I kept seeing lovely jungle style leaves on cakes on Pinterest but I
trawled the Internet and couldn’t find a cutter that shape anywhere. I then
stumbled across a post called ‘Just in case anyone’s interested…’ by Julia
Hardy Cakes. This lady had also found that jungle style leaf cutters were non-existent
and had come up with a genius solution. She cut a strip out of a fizzy drink
can (not as difficult or dangerous as it sounds) and folded it in to a teardrop
shape that could then cut into the sides of a heart shaped piece of icing. I
was a bit sceptical at first and tried to use the pointy end of the heart
shaped cutter instead but Julia’s method turned out to be brilliant and
definitely something I will do again in the future.

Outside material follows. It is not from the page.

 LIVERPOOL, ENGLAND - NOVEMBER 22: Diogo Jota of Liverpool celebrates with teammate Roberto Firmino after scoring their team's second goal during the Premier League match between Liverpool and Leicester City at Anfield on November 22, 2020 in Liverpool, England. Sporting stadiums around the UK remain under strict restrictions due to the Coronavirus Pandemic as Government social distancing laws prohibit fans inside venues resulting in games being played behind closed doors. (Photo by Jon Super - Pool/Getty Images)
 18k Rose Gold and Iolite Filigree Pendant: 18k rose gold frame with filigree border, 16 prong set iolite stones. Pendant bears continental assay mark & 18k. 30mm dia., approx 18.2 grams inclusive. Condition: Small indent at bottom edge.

I wasn’t entirely happy with the dinosaurs I made (I’m a bit of a
perfectionist and I could see things wrong with them – I thought the baby
dinosaur coming out of the egg looked like he had a shower cap on and the T. rex
was losing his false teeth!) but Henry recognised which type of dinosaurs they
were supposed to be so they obviously weren’t all that bad.
I stacked the cakes around 8am on the morning of the party. This was the
earliest I’ve ever stacked cakes and I was worried that the weight of the top
tier would cause the whole thing to collapse but the dowling rods did their job
and the cake survived until the party – phew.
I often find that the final product doesn’t look like the initial
design and this was no exception. I ended up running out of space on the cake for
some of the decorations I had made. I didn’t want them to go to waste so I
found a spare cake board and decorated it with the leftovers.
In total this cake took me around 22 hours to make but the look on
Henry’s face when he saw it made each and every hour totally worthwhile.
Thank you for reading and thank you to Kelly for trusting me to write
the first guest blog.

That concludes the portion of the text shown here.